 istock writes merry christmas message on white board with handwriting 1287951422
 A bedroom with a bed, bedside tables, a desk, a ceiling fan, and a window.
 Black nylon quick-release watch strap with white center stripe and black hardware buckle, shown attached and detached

---

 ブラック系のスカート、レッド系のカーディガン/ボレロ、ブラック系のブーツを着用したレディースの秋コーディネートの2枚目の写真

**What this task involves:** Copy the lines above exactly. Start with the line containing "istock writes merry", end with the line containing "Black nylon quick-release", and include both.

**Response box:**
 istock writes merry christmas message on white board with handwriting 1287951422
 A bedroom with a bed, bedside tables, a desk, a ceiling fan, and a window.
 Black nylon quick-release watch strap with white center stripe and black hardware buckle, shown attached and detached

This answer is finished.